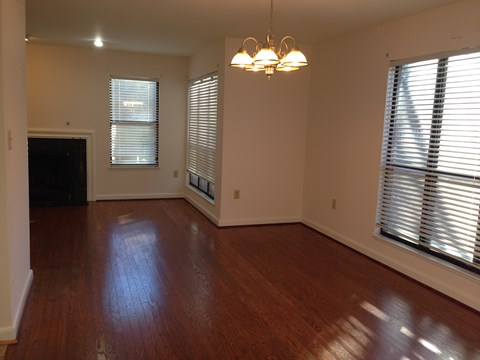 an empty living room with wood floors and windows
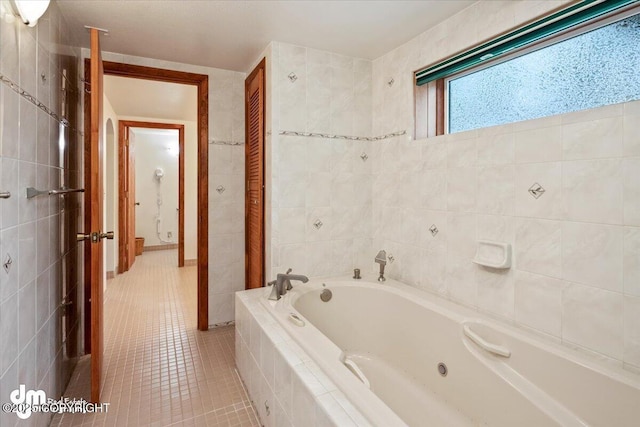 full bathroom with a garden tub, tile walls, and tile patterned flooring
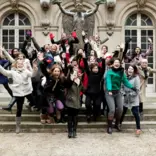 Group of students jumping during trip to Paris
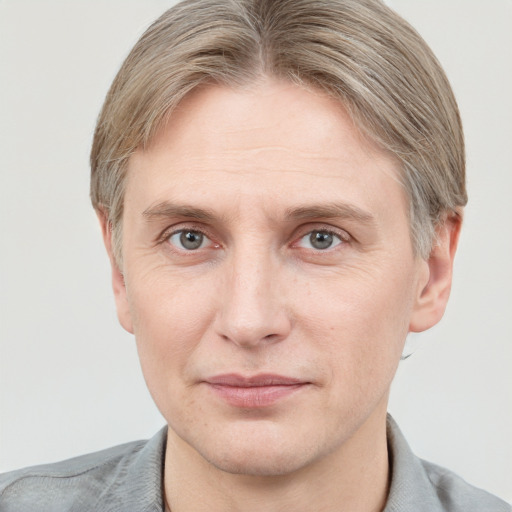 Joyful white adult male with short  brown hair and grey eyes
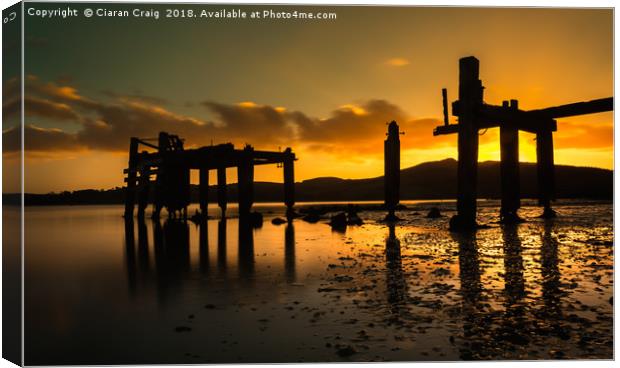 Sunset at the old pier Canvas Print by Ciaran Craig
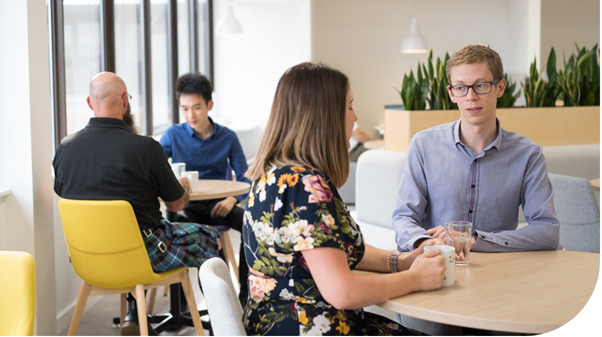 Mott MacDonald People - Female and male conversing around a table.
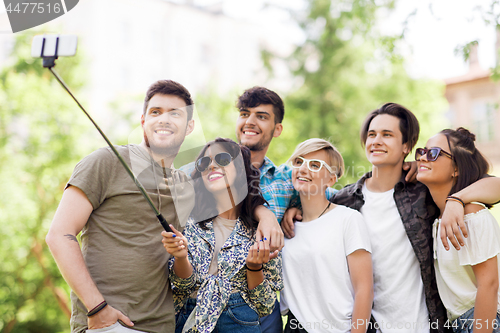 Image of friends taking picture by selfie stick at summer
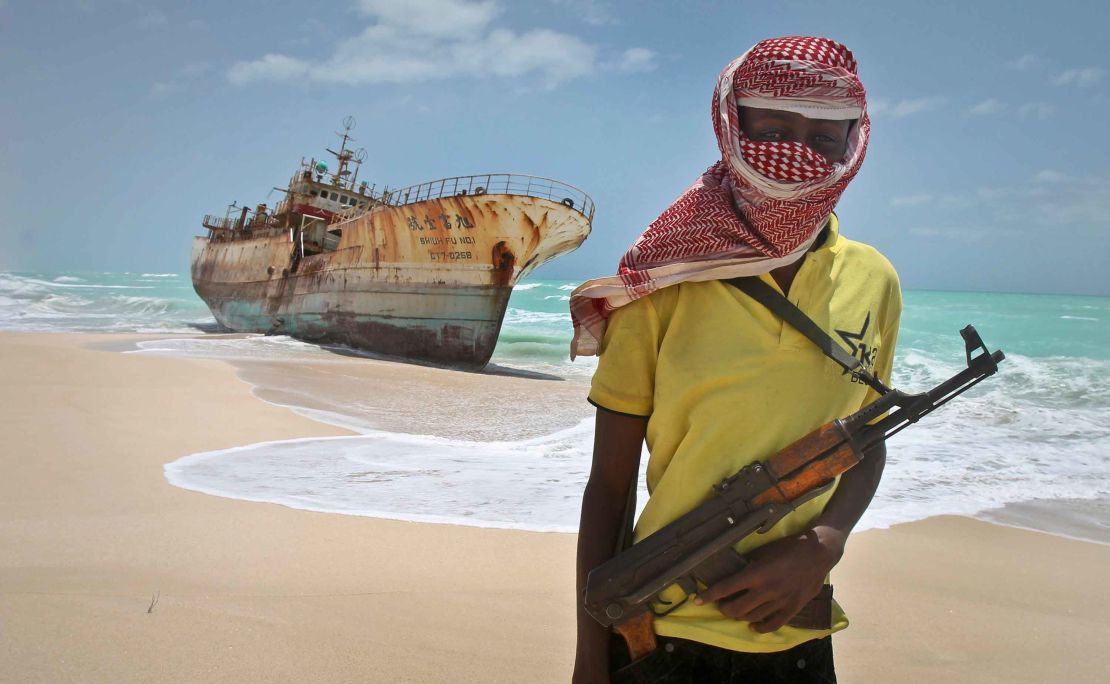 A masked and armed Somali pirate stands near a fishing vessel washed ashore. (AP Photo/Farah Abdi Warsameh)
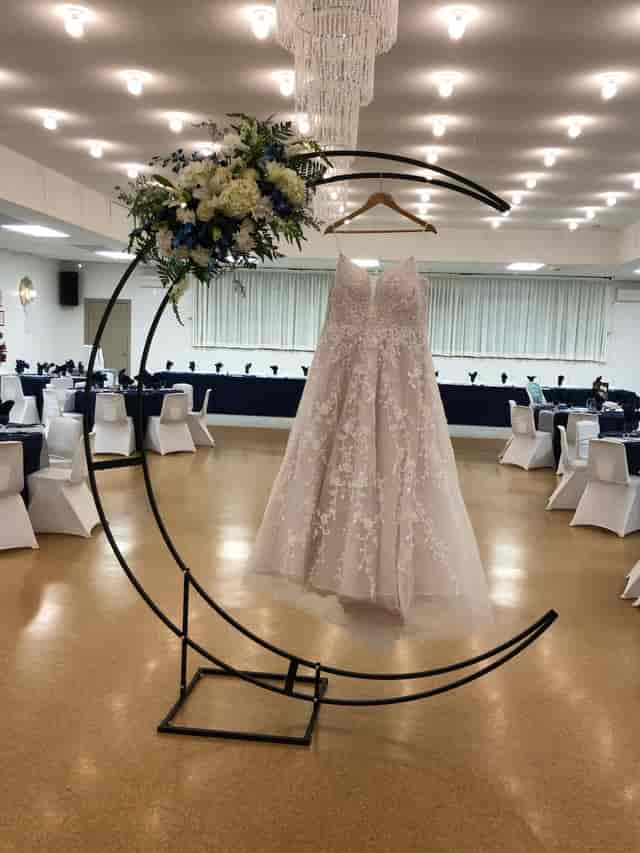 Elegant wedding setup at Belleville Fish and Game Club with stylish dress display.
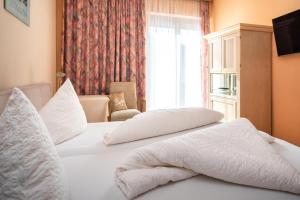 Łóżko lub łóżka w pokoju w obiekcie Erlenhof B&B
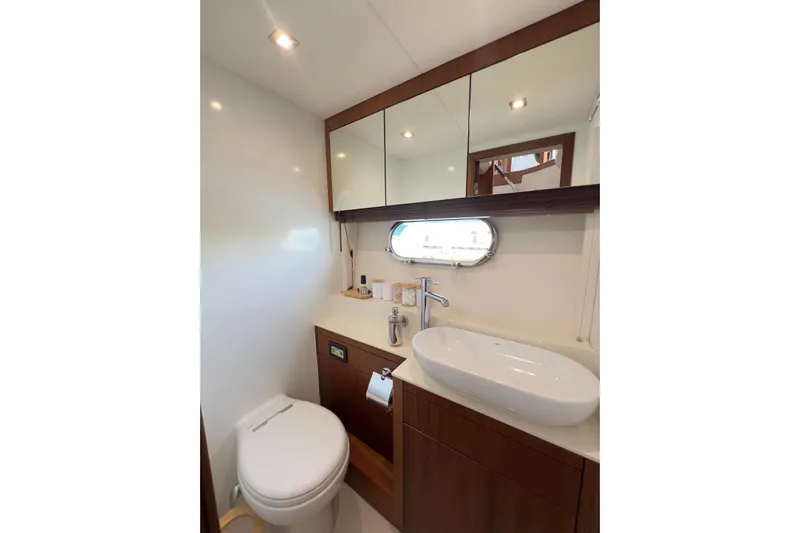 Ohana Yacht Photos Pics Luxurious bathroom in 2012 Sunseeker Manhattan 73 yacht with modern fixtures and elegant design.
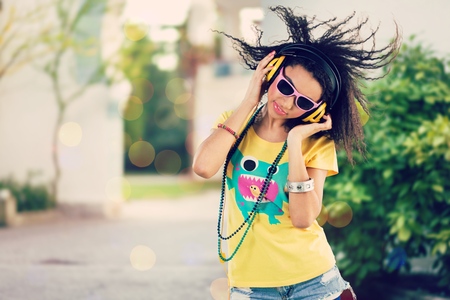 Excited girl dancing and listening music with headphones and smart phone in the street with hair...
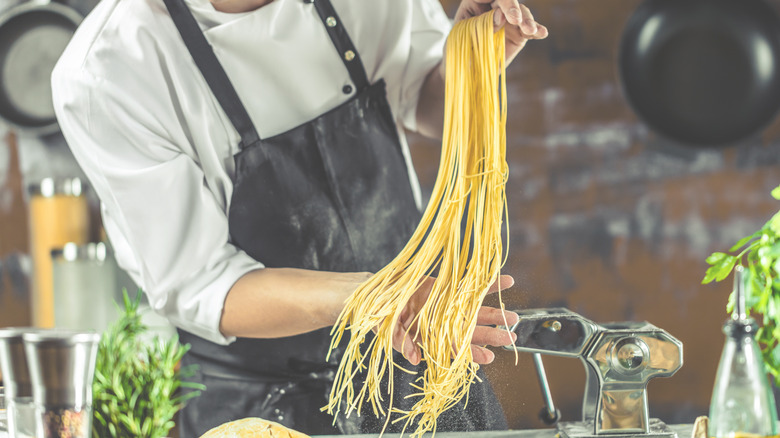 Man making fresh spaghetti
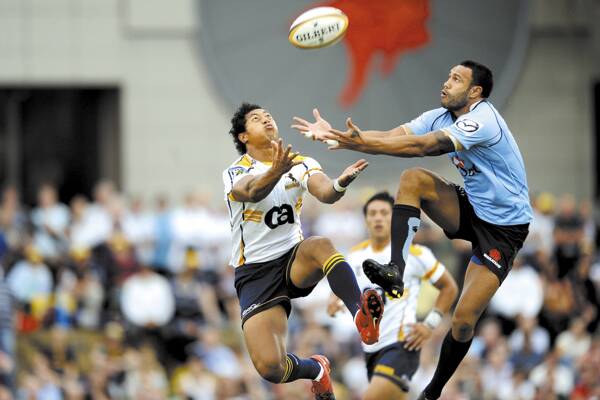 ON THE BALL: Waratah's Sosene Anesi flies high to secure possession against the ACT Brumbies.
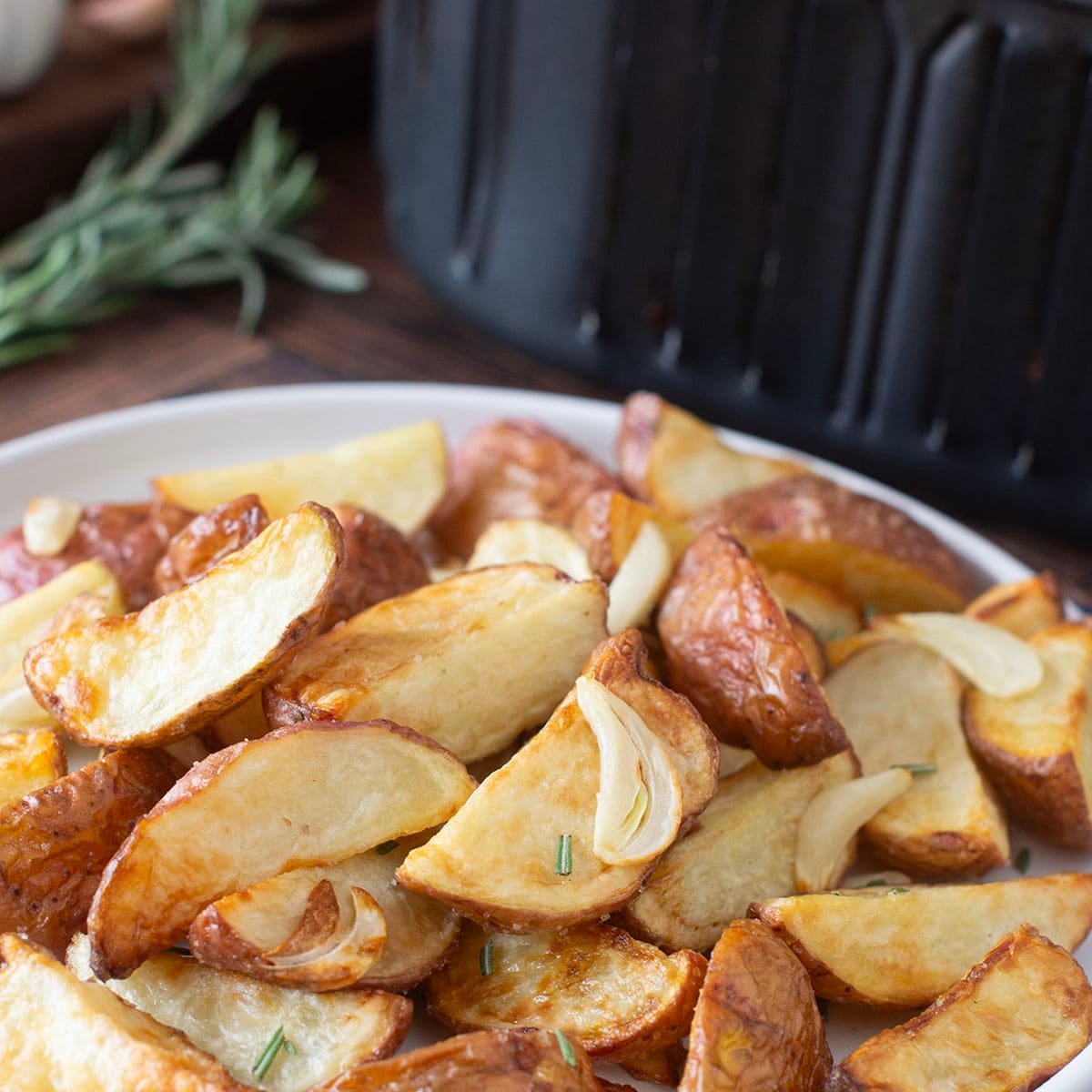 White plate of cooked red potatoes with garlic and rosemary in front of an air fryer.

◆ REQUIREMENT: Repeat the material line for line. Pictures stay out of the copy.

◆ RESPONSE:
 an empty living room with wood floors and windows
 full bathroom with a garden tub, tile walls, and tile patterned flooring
 Group of students jumping during trip to Paris
 Joyful white adult male with short  brown hair and grey eyes
 Sunset at the old pier Canvas Print by Ciaran Craig
 Mott MacDonald People - Female and male conversing around a table.
 Image of friends taking picture by selfie stick at summer
 A masked and armed Somali pirate stands near a fishing vessel washed ashore. (AP Photo/Farah Abdi Warsameh)
 Elegant wedding setup at Belleville Fish and Game Club with stylish dress display.
 Łóżko lub łóżka w pokoju w obiekcie Erlenhof B&B
 Ohana Yacht Photos Pics Luxurious bathroom in 2012 Sunseeker Manhattan 73 yacht with modern fixtures and elegant design.
 Excited girl dancing and listening music with headphones and smart phone in the street with hair...
 Man making fresh spaghetti
 ON THE BALL: Waratah's Sosene Anesi flies high to secure possession against the ACT Brumbies.
 White plate of cooked red potatoes with garlic and rosemary in front of an air fryer.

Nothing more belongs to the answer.